Can an Elasticsearch rollup job dynamically create indexes like Logstash does?

I am currently testing out the new rollup APIs in Elasticsearch 6.3 and am wondering if there is any way to configure the rollup job to dynamically create an index based on timestamp like Logstash does when ingesting data? The use case is to try and roll up large amounts of time series network performance reporting data and I'm worried that even an hourly rollup will create a huge index to manage so am looking to split it to have one index for each day's hourly rollup.

Current rollup job config:

{
    "index_pattern": "dxs-raw-*",
    "rollup_index": "dxs-hourly-%{+YYYY.MM.dd}",
    "cron": "* */15 * * * ?",
    "page_size": 1000,
    "groups": {
        "date_histogram": {
            "field": "@timestamp",
            "interval": "1h",
            "delay": "12h"
        },
        "terms": {
            "fields": ["ci_id.keyword", "client_id.keyword", "element_name.keyword", "measurement.keyword", "source_management_platform.keyword", "unit.keyword"]
        }
    },
    "metrics": [
        {
            "field": "value",
            "metrics": ["min", "max", "avg"]
        }
    ]
}

Error seen when PUTting job via Kibana DevTools console:

{
    "error": {
        "root_cause": [
        {
            "type": "invalid_index_name_exception",
            "reason": "Invalid index name [dxs-hourly-%{+YYYY.MM.dd}], must be lowercase",
            "index_uuid": "_na_",
            "index": "dxs-hourly-%{+YYYY.MM.dd}"
        }
        ],
        "type": "runtime_exception",
        "reason": "runtime_exception: Could not create index for rollup job [dxs-hourly]",
        "caused_by": {
        "type": "invalid_index_name_exception",
        "reason": "Invalid index name [dxs-hourly-%{+YYYY.MM.dd}], must be lowercase",
        "index_uuid": "_na_",
        "index": "dxs-hourly-%{+YYYY.MM.dd}"
        }
    },
    "status": 500
}

At the moment, no... there's no way to do that. Right now we're sorta waiting on the Index Lifecycle Mangement feature to become available, since that will allow this sort of management a lot easier than baking parts of the logic into the Rollup feature. But that's still a work in progress.

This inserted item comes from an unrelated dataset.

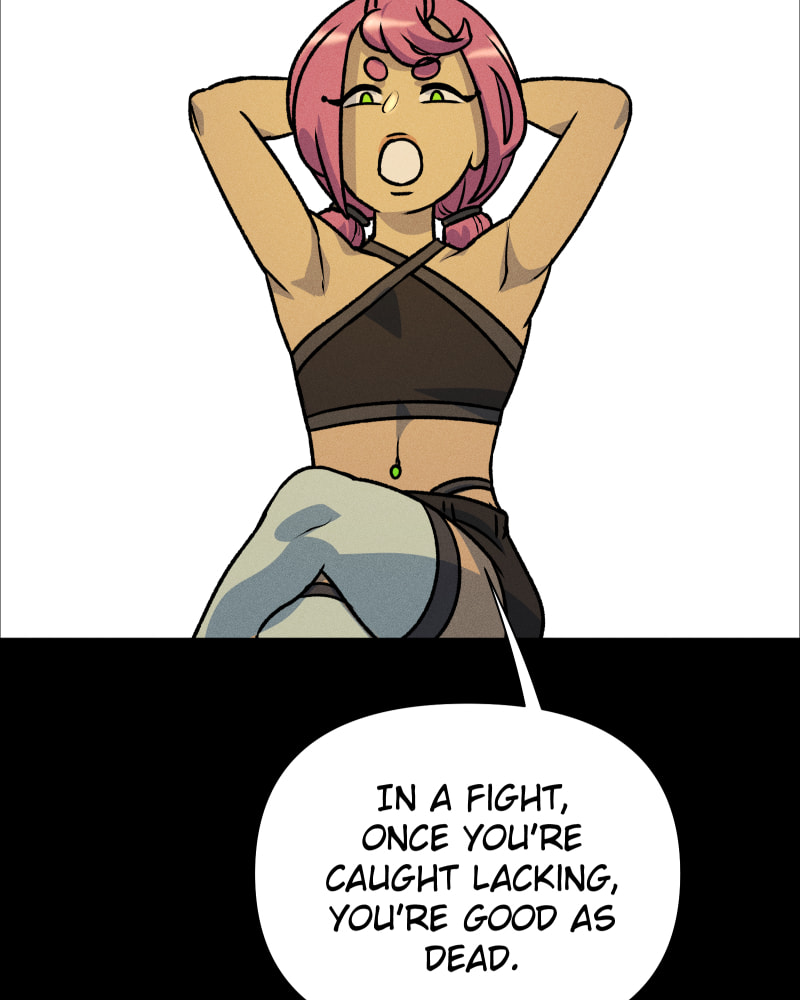 Milk Crown Chapter 54 page 81 - 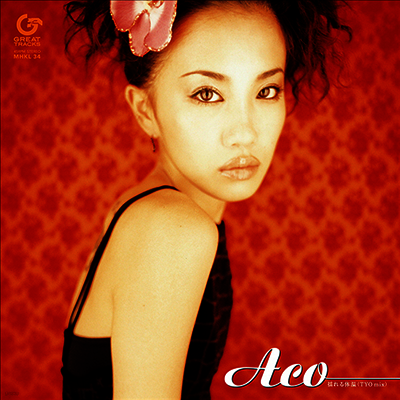 Aco,아코 — 搖れる體溫 (TYO Mix) 앨범 커버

It might be possible to use the Rollover API today, but it's entirely untested so I'm not sure. E.g. create a write alias, setup some rollover rules, then point the Rollup config at the alias.

The tricky bit is that Rollup's disaster recover mechanism (like if a node goes down) is to simply backtrack to the last checkpoint and overwrite any documents that were written after the checkpoint. So you'd want to make sure that doesn't happen around a rollover event. A procedure like:

  1. Stop rollup job, wait for it to finish and checkpoint
  2. Hit Rollover api to check conditions
  3. Restart rollup job

The only other alternative is to pin the job to a specific source index and create lots of jobs, each representing that single index it rolled up.

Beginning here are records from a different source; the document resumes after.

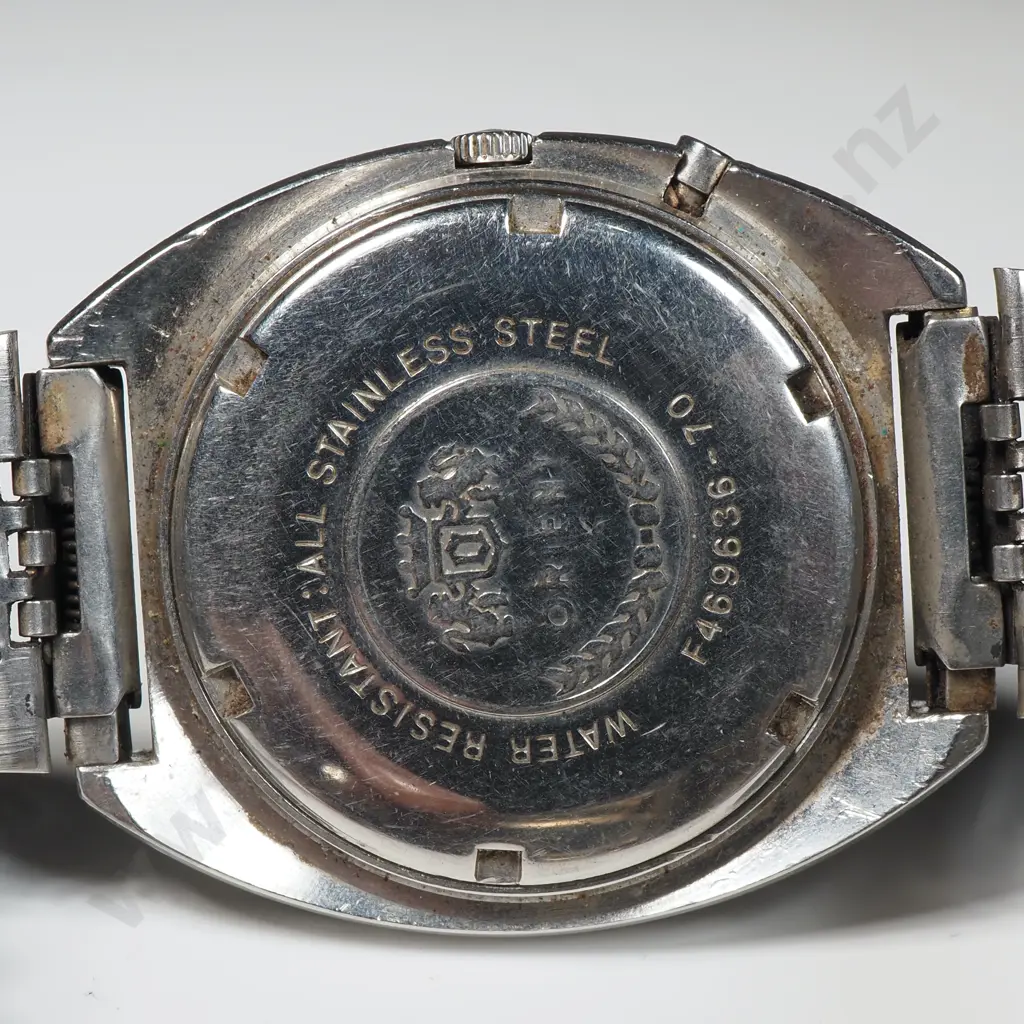 Vintage Orient Automatic Wristwatch Image 1++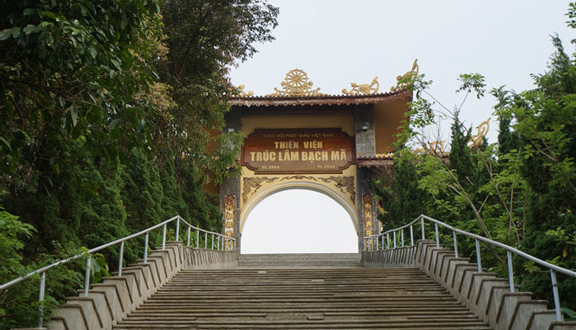 Thiền Viện Trúc Lâm Bạch Mã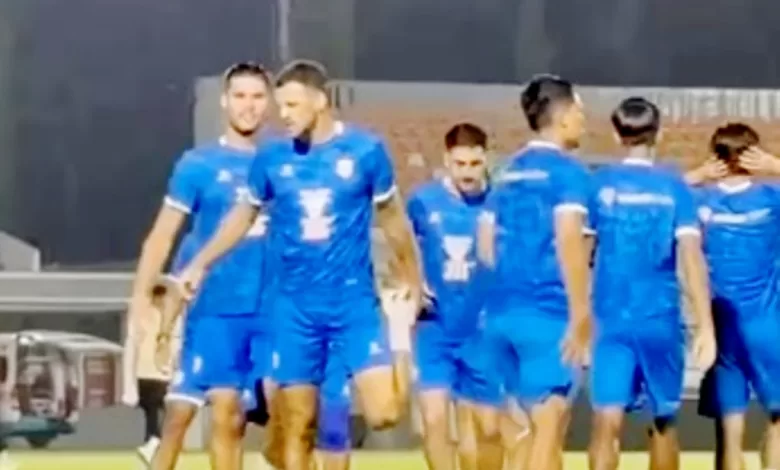 Persija vs Persib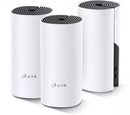 Deco P9 AC1200 + AV1000 Hybrid Mesh Wi-Fi System 3 Pack
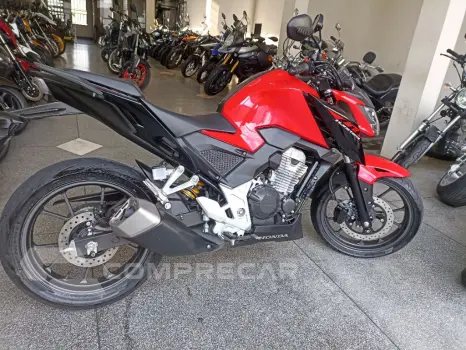CB 300F Twister Flex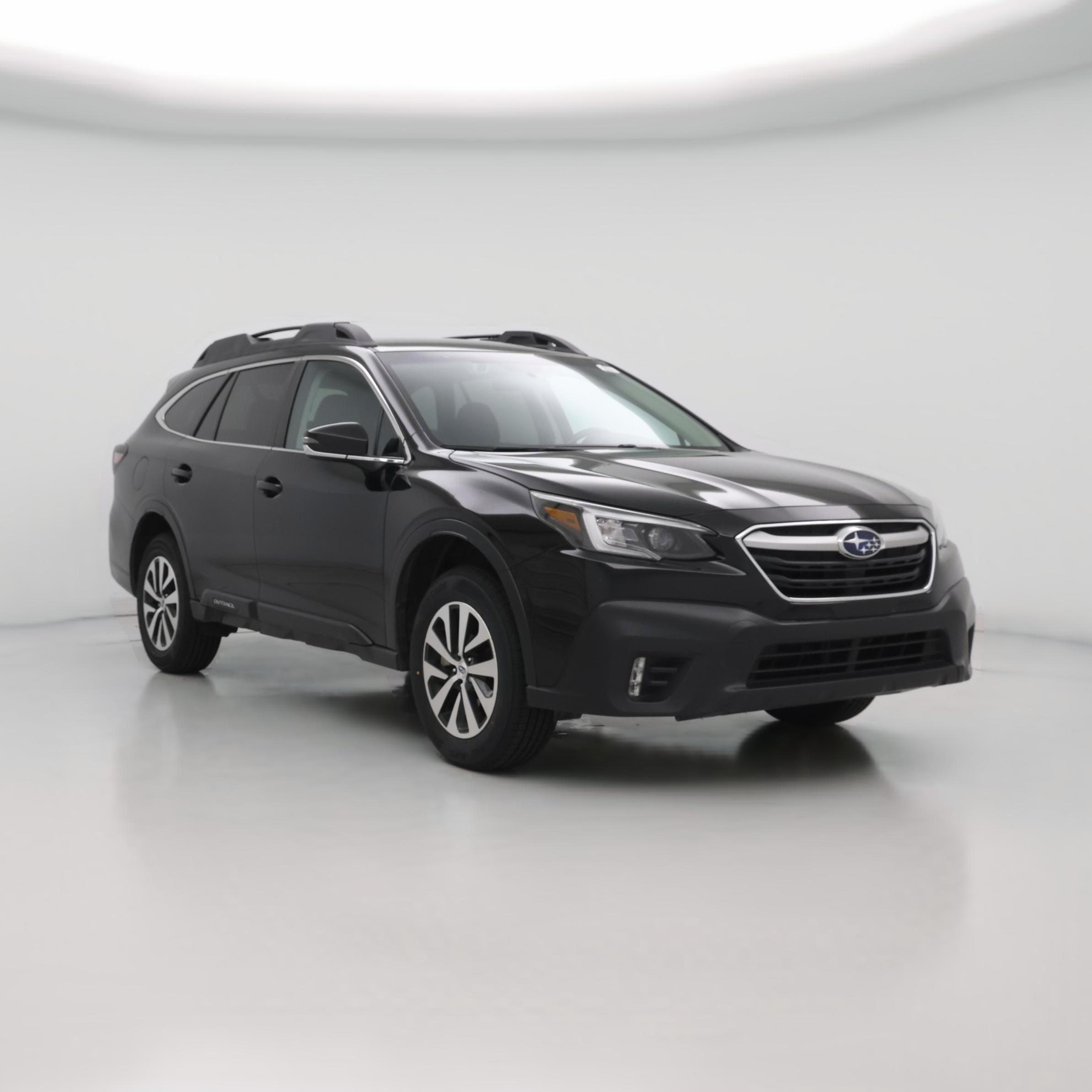 Thumbnail: 2021 Subaru Outback - 1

Note: Rollup right now doesn't allow searching across multiple rollup indices (technical limitations internally), so you'd be stuck searching just the single hourly rollup index which is highly non-ideal :confused:

How many rollup documents is your job generating for each hour, or other timeframe?

Thanks Zachary, I will try the alias idea out and report back :slight_smile:.

The conservative estimate we have is ~1 million metrics if it was a single hourly index. Given our document size this equates to about 160GB of data. If what I'm building manages to get high adoption that number could be 3-4x higher. Our "raw" data is stored in daily indexes of ~72,000,000 documents in size (~12GB).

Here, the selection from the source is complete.